La Fondation HEC a levé 112 millions d’euros auprès des anciens élèves, les alumni,et des entreprises lors de sa première levée de fond de 2008 à 2013. Président de la Fondation depuis 2015, Bertrand Léonard, explique ce que cette nouvelle source de financement apporte à HEC.

Bertrand Léonard

Olivier Rollot : Vous présidez la Fondation HEC depuis le printemps dernier. Qu’est-ce qu’elle apporte à l’école ?

Bertrand Léonard : D’abord ce qui mobilise toute l’équipe de la Fondation, c’est l’importance des enjeux. HEC est aujourd’hui une des toutes premières business school européennes. Il faut l’aider à rejoindre la cour des dix premières mondiales. Le nouveau statut de l’école, qui lui confère davantage d’autonomie, devrait être un élément-clé.

En tout, la Fondation apporte chaque année entre 7 et 8 millions d’euros à HEC (sur un budget total de l’école de 115 millions). 40% vont au développement des bourses d’études. La responsabilité sociale est au cœur de notre motivation. Il faut qu’HEC conserve et accroit son degré d’ouverture.

A long terme, pour donner à l’école, de manière solide et pérenne, tous les moyens de son ambition, nous devrons constituer un fond de réserve dont les intérêts permettront d’alimenter notre contribution annuelle à l’école. Sur les 112 millions de la précédente levée de fonds, une moitié a ainsi été mise en réserve et l’autre affectée au budget de l’école.

O. R : Donner une plus grande diversité sociale à HEC c’est cela le premier objectif de la Fondation ?

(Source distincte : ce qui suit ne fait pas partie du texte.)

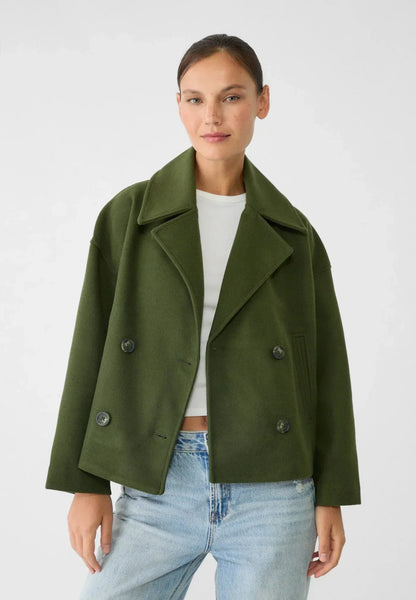 Women's Wool-Look Cropped Jacket Double-Breasted Box Fit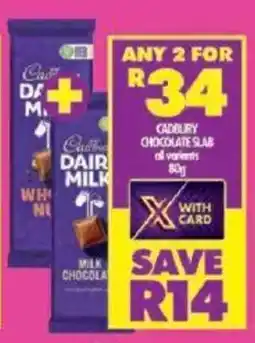 Shoprite Cadbury chocolate slab offer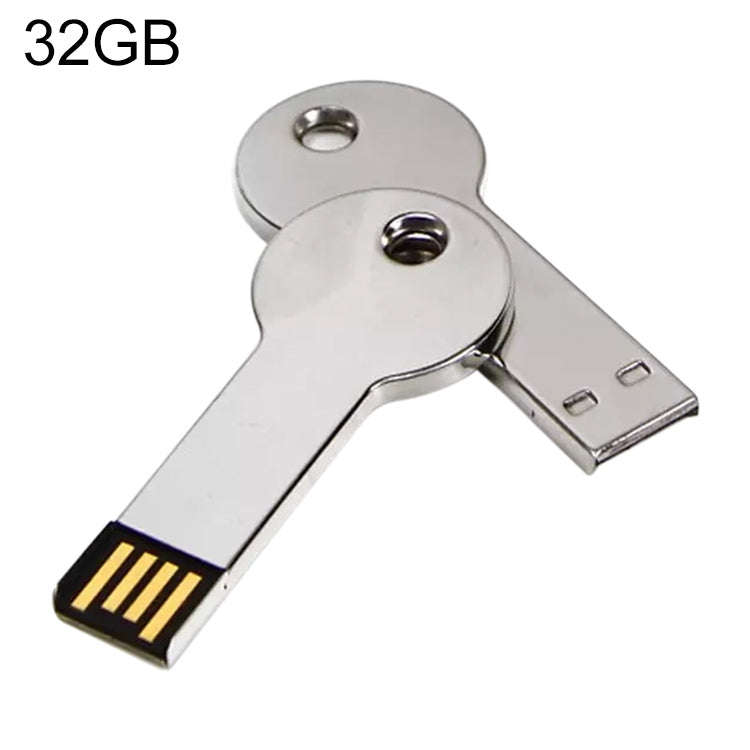 Silver Metal Key Style USB 2.0 Flash Disk (32GB)(Silver), 32GB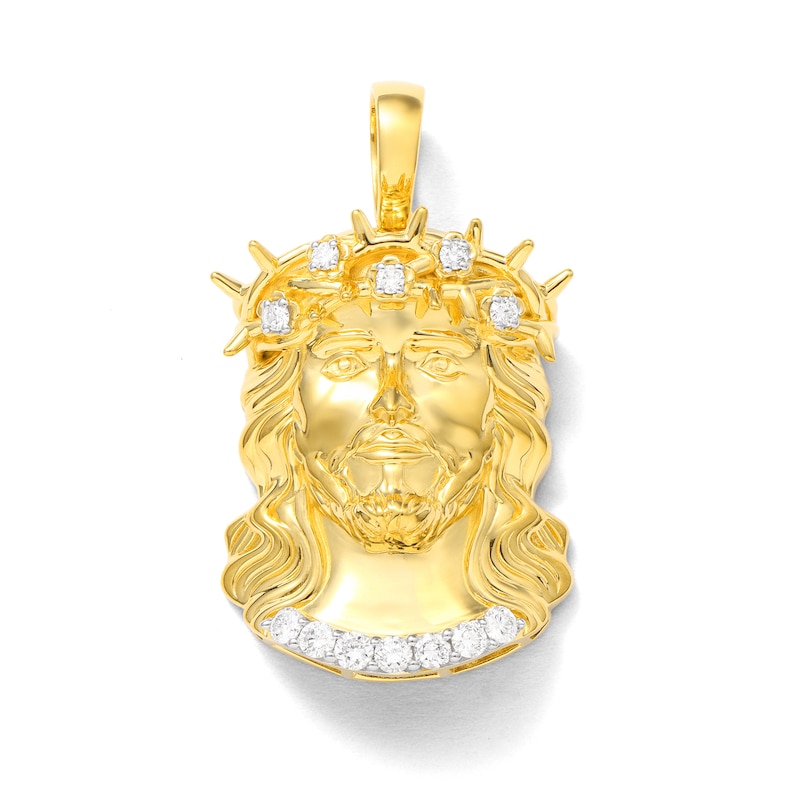 Main Image 1 of 14K Gold Plated 1/2 CT. T.W. Lab-Created Diamond Jesus Head Necklace Charm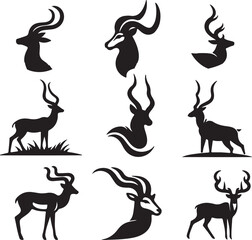 set of deer silhouettes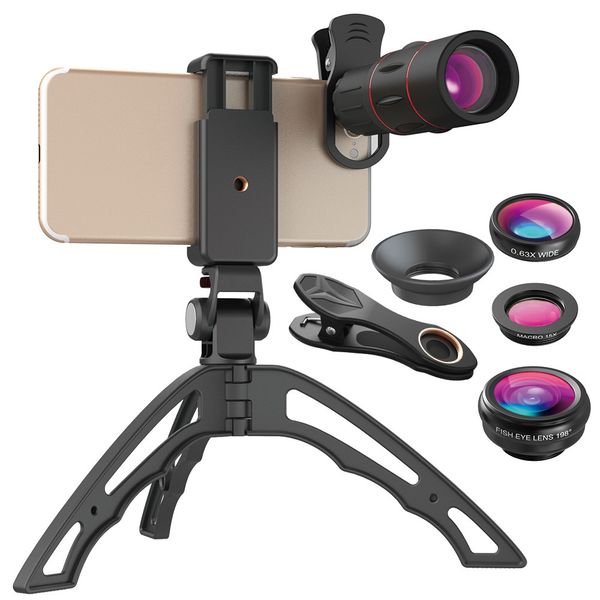 18x high-definition telep wide-angle macro fisheye four-in-one lens + mini tripod for iphone samsung smartphone travel hunting
18x high-definition telep wide-angle macro fisheye four-in-one lens + mini tripod for iphone samsung smartphone travel hunting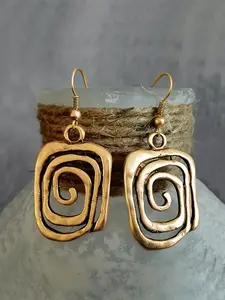 Vintage Alloy Geometric Statement Earrings for Women, Round Square Hollow Out Spiral Design, Casual Fashion Jewelry for Daily Wear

B. L : En quelques années le taux de boursier est passé de 7% à 15% sans créer pour cela une voie particulière d’accès. Nous avons une mission citoyenne. Elle démarre dès le lycée avec des actions de tutorat et de soutien financier en partenariat avec Fratelli et les Cordées de la Réussite. Elle se décline ensuite dans les classes prépas, où nous aidons certains étudiants méritants – même s’ils n’intégreront pas forcément HEC ensuite -, au sein de prépa classique et même de prépas technos. Partout nous préférons tutorer des étudiants, qui ne possèdent pas forcément tous les codes pour intégrer une grande école, et les mettre au niveau que vont demander ensuite les entreprises. Nous ne sommes pas exactement dans la même logique des filières ZEP de Sciences Po ou de l’affirmative action américaine.

O. R : Ces fondations, c’est le modèle des grandes universités privées américaines ?

B. L : La Fondation de la Harvard Business School gère un fonds de réserve 3 milliards de dollars ! Il y a très longtemps que les universités américaines ont créé des fondations. Elles font partie de leur ADN. C’est encore tout récent en France…

O. R : Plus largement, quelles évolutions imaginez-vous pour HEC ?

B. L : Nous sommes face à une révolution digitale dans laquelle chaque étudiant va pouvoir choisir des MOOCs et se créer ses propres parcours d’études certifiés par de grandes universités. Aujourd’hui vous pouvez suivre en ligne les cours du meilleur prof du monde ! Aux Etats-Unis cela va encore plus vite avec des frais de scolarité qui peuvent atteindre les 50 000$ par an quand ces nouveaux programmes mixtes, mêlant MOOCs et sessions présentielles, reviennent trois fois moins cher. Les droits de scolarité étant beaucoup plus bas en Europe, le mouvement y est moins rapide.

O. R : La Fondation contribue au financement des MOOCs d’HEC ?

B. L : La dimension digitale est très présente sur le campus, à plusieurs niveaux. En premier lieu, à travers l’enseignement : en quoi la révolution digitale bouleverse la stratégie des entreprises ? La Chaire Axa sur « Stratégie digitale et Big Data », le centre « Digital Transformation » d’Orange ou la majeure digitale Entrepreneurs destinée aux étudiants d’HEC, de 42 et des Gobelins… abordent tous ce thème-clé. Les MOOCs se développent aussi significativement comme en atteste notamment le succès de la formation certifiante en Finance, ICCF@HEC, conduite par Pascal Quiry.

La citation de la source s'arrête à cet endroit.